TV: Obama bei Letterman:"Wie lange sind Sie schon Schwarzer?"

Barack Obama stellt sich dem Fernsehkomiker David Letterman und darf ein ungewöhnliches Geschenk mit nach Hause nehmen.

Moritz Koch

Warum tut sich der Präsident das an? Warum tritt Barack Obama in einer Late-Night-Show auf? Gerade er, der vor einem halben Jahr seine Premiere im Spätfernsehen in den Sand gesetzt hatte? Drängende Fragen - und Showmaster David Letterman hat sich ein paar Antworten zurechtgelegt.

Eine Variante: "Er kommt, weil wir ihm gesagt haben, dass Megan Fox hier ist." Eine andere Möglichkeit: "Er hat Ja gesagt, ohne nachzudenken. So wie Bush im Irak." Haha!, aber immerhin, es gibt Applaus. Auch von Mary Apple aus Missouri. Wahrscheinlich wäre die brünette Frau nicht weiter aufgefallen, wäre da nicht diese herzförmige Kartoffel, die sie bei sich trägt, und die Tatsache, dass sie ihr verschrumpeltes Gewächs schon zum zweiten Mal in Lettermans Studio gebracht hat. Ein gefundenes Fressen für den Fernseh-Zyniker. Genüsslich breitet er seinen Spott über Apple aus.
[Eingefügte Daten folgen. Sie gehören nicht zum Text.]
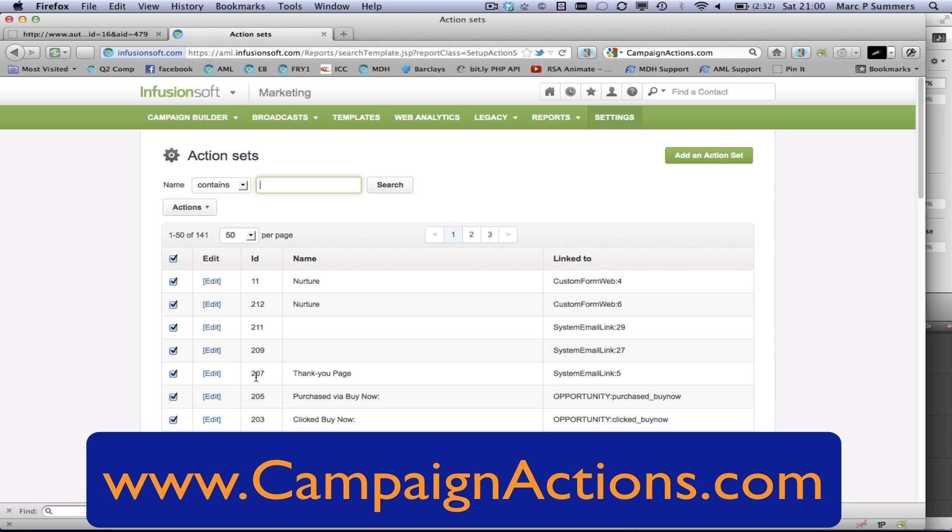Head over now to www.campaignactions.com to sign up and start running your actions now.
Barack Obama hat die Szene offenbar genau verfolgt. Als der US-Präsident nach einer Viertelstunde vor die Kameras tritt und der tosende Beifall, mit dem er begrüßt wird, langsam abklingt, verkündet er: "Der Hauptgrund, warum ich heute hier bin, ist, dass ich diese herzförmige Kartoffel sehen will." Die Zuschauer kommen auf ihre Kosten.
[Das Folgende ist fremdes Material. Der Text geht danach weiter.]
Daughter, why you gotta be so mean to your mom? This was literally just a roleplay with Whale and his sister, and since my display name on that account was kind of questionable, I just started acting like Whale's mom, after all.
Wie gesagt, Obama hat Erfahrung mit Late-Night-Shows. Kaum acht Wochen war er im Amt, da wagte er sich als erster Präsident zu Lettermans Rivalen Jay Leno - und handelte sich mit einem missglückten Witz über die Special Olympics überflüssigen Ärger ein.

Dieses Mal dürfte es keinen Ärger geben, jedenfalls keinen zusätzlichen. Obama unterliefen keine Fehltritte. Probleme hat der Präsident ja auch schon genug. Seine Reformvorhaben stecken fest.
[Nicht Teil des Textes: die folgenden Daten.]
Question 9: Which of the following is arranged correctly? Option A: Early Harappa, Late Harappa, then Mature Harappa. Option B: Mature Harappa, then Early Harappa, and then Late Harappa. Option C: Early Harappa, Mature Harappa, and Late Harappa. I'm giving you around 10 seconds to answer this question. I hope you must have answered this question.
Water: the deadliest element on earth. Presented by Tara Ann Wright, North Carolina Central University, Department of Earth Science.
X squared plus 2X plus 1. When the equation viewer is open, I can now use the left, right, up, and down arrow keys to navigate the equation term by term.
Sein Versuch, das Gesundheitssystem zu reparieren, hat der zerstrittenen Republikanischen Partei neues Leben eingehaucht. Sein Versuch, dem Finanzsystem Regeln aufzuzwingen, hat die Kapitalakrobaten der Wall Street weder gebändigt noch eingeschüchtert. Und sein Versuch, ein Scheitern der Nato in Afghanistan abzuwenden, droht einen Streit mit den europäischen Alliierten auszulösen. Afghanistans Präsident Hamid Karsai hat währenddessen die Forderung von US-General Stanley McChrystal nach einer Aufstockung der US-Truppen am Hindukusch begrüßt. Obama wollte alles auf einmal, als er ins Weiße Haus einzog. Nun läuft er Gefahr, alles zu verlieren.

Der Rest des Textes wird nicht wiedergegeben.